Clinical Trials

MainTitle

The CHAPS Trial: Combined HIV Adolescent PrEP and Prevention (CHAPS)

This study is currently recruiting participants. (see Contacts and Locations)

Verified December 2019 by Fatima Mayat

Sponsor
Fatima Mayat

Collaborator
University of Cape Town
University of Liverpool
Imperial College London
MRC/UVRI Uganda Research Unit
Karolinska Institutet
King's College London
London School of Hygiene and Tropical Medicine

Information provided by (Responsible Party)
Fatima Mayat, Wits Health Consortium (Pty) Ltd

ClinicalTrials.gov Identifier
NCT03986970

First received: June 6, 2019
Last updated: December 30, 2019
Last Verified: December 2019
History of Changes
Purpose

Purpose

To compare the effect of different PrEP drugs (FTC-TDF and FTC-TAF), doses and timing of doses on p24 antigen level in resected foreskin tissue following HIV exposure ex vivo challenge.

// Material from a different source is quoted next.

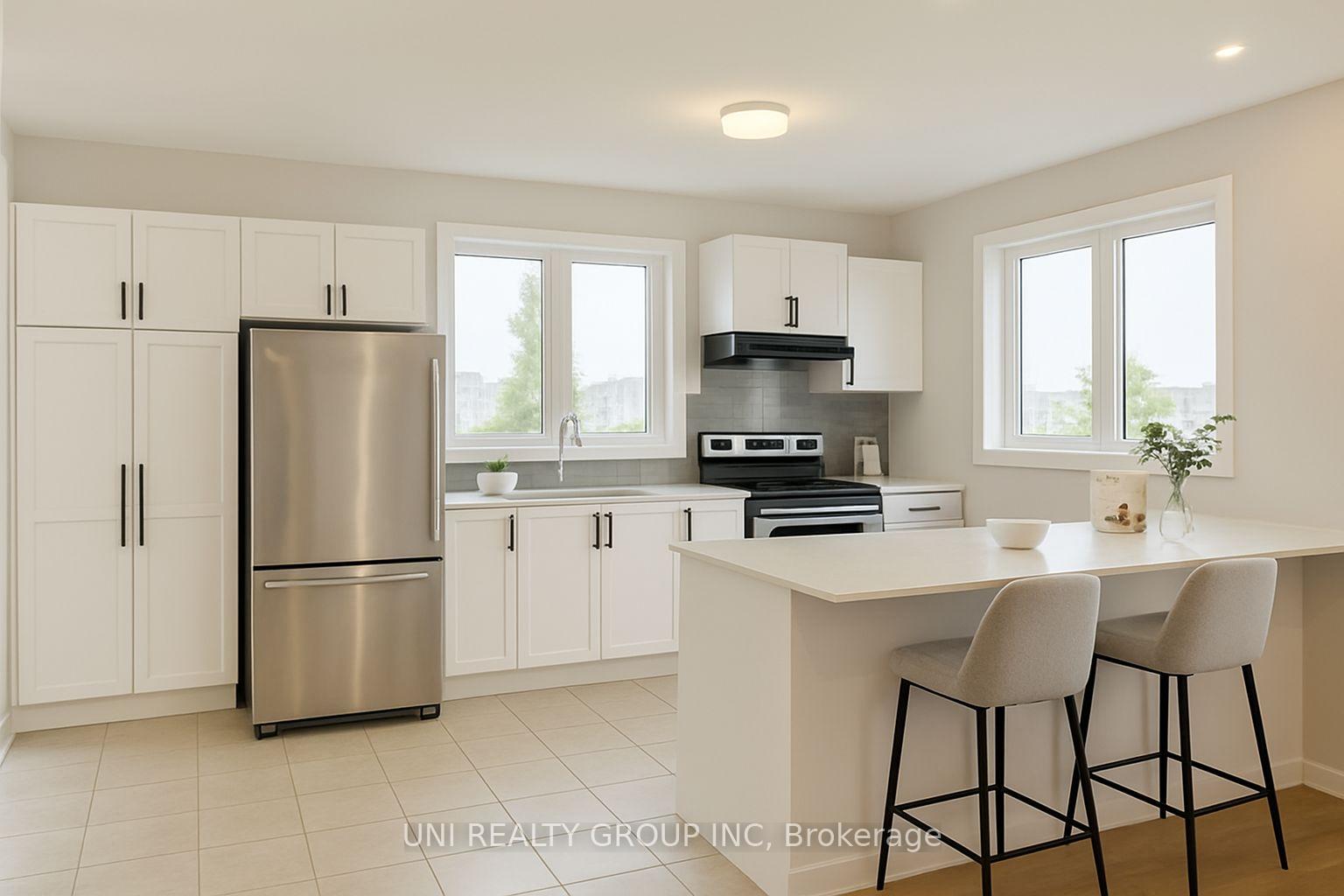 Photo 5 of 324 Canadensis Lane, Ottawa, Barrhaven - Half Moon Bay — HOMEH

Condition Intervention Phase
HIV/AIDS

Drug : Tenofovir
Phase 2

Study Type: Interventional
Study Design: Allocation: Randomized
Intervention Model: Parallel Assignment
Intervention Model Description: Open-label, randomised controlled trial (RCT)
Masking: None (Open Label)
Primary Purpose: Prevention
Official Title: Combined HIV Adolescent PrEP and Prevention: On Demand Pre-exposure Prophylaxis to Provide Protection From HIV in Men - Using Foreskin Tissue to Estimate Protection (Phase II)

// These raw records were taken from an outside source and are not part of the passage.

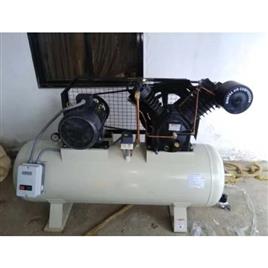 Reciprocating Air Compressor 15, Is It Portable: No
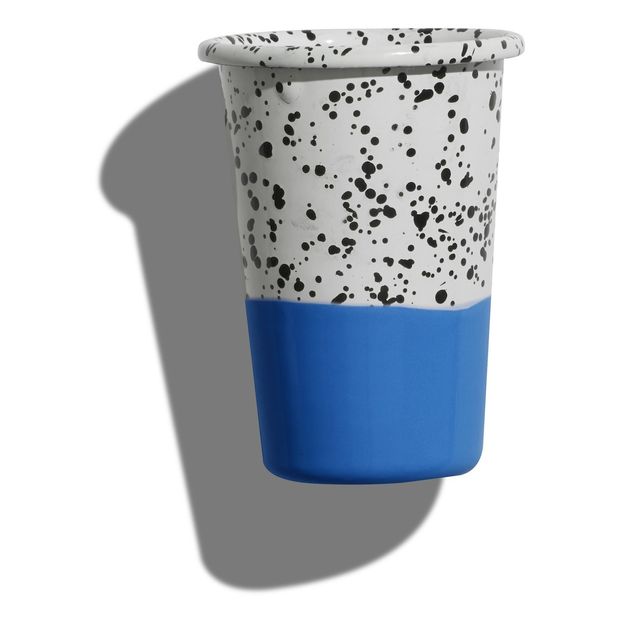 Becher aus Emaille-product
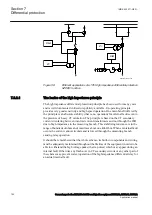 Preview for 156 page of ABB Relion REG670 Applications Manual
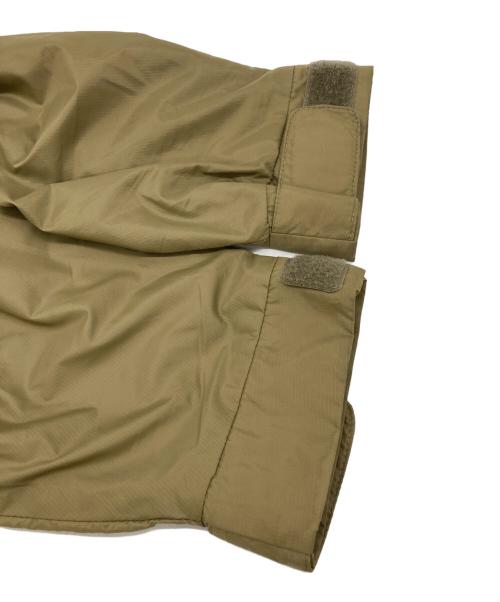 British Army（ブリティッシュアーミー）British Army (ブリティッシュアーミー) PCS Thermal Smock ベージュ サイズ:160/80(Small)の古着・服飾アイテム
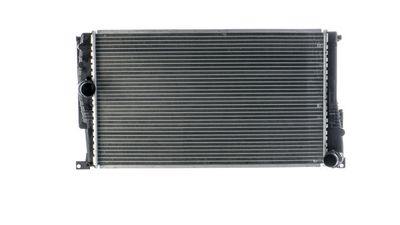 Radiator, engine cooling MAHLE CR 824 000P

Further study details as provided by Fatima Mayat, Wits Health Consortium (Pty) Ltd:

Primary Outcome Measures

  • HIV Infection free [ Time Frame: 15 days ]
    We will ascertain the proportion of patients' foreskin tissue that is not infected with HIV 15 days following our ex-vivo HIV challenge. We will use the concentration of p24 antigen (pg/mL) at day15 and also report the slope of the p24 curves from day 3 to 15 (pg/mL per day) and also the AUC day 3 to 15 (pg/mL days).
Secondary Outcome Measures:
  • Timing [ Time Frame: 1 year ]
    The delay between the timing of last dose of FTC-TDF and FTC-TAF as oral PrEP and the timing of circumcision.
  • Dose [ Time Frame: 1 year ]
    The efficacy of preventing in-vitro HIV infection by dose of FTC-TDF and FTC-TAF as oral PrEP compared to no intervention
  • Blood PrEP Concentrations [ Time Frame: 1 year ]
    Plasma concentrations (ng/mL) of FTC, TFV, TAF and their active metabolites that are required for ex vivo HIV protection.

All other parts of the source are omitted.